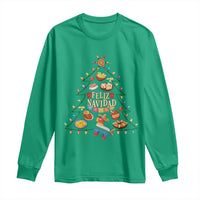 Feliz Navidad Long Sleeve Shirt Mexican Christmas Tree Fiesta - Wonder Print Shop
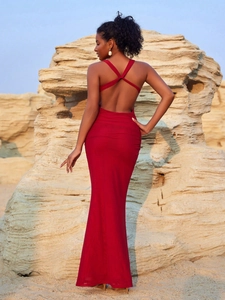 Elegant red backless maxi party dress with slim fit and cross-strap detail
---
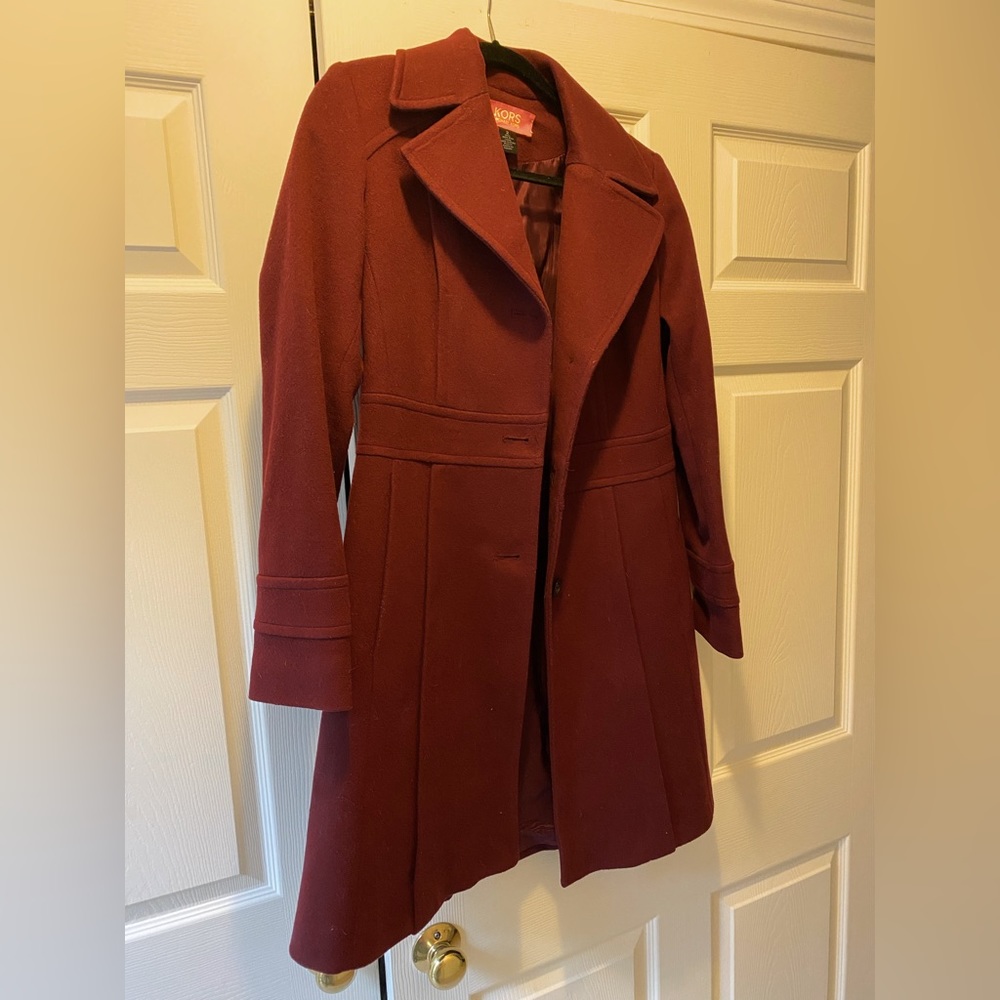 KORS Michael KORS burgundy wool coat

(What the task asks): From the records above, extract the lines from the one holding "Feliz Navidad Long" through the one holding "Elegant red backless", word for word; omit the pictures.

(Answer for the task):
 Feliz Navidad Long Sleeve Shirt Mexican Christmas Tree Fiesta - Wonder Print Shop
 Elegant red backless maxi party dress with slim fit and cross-strap detail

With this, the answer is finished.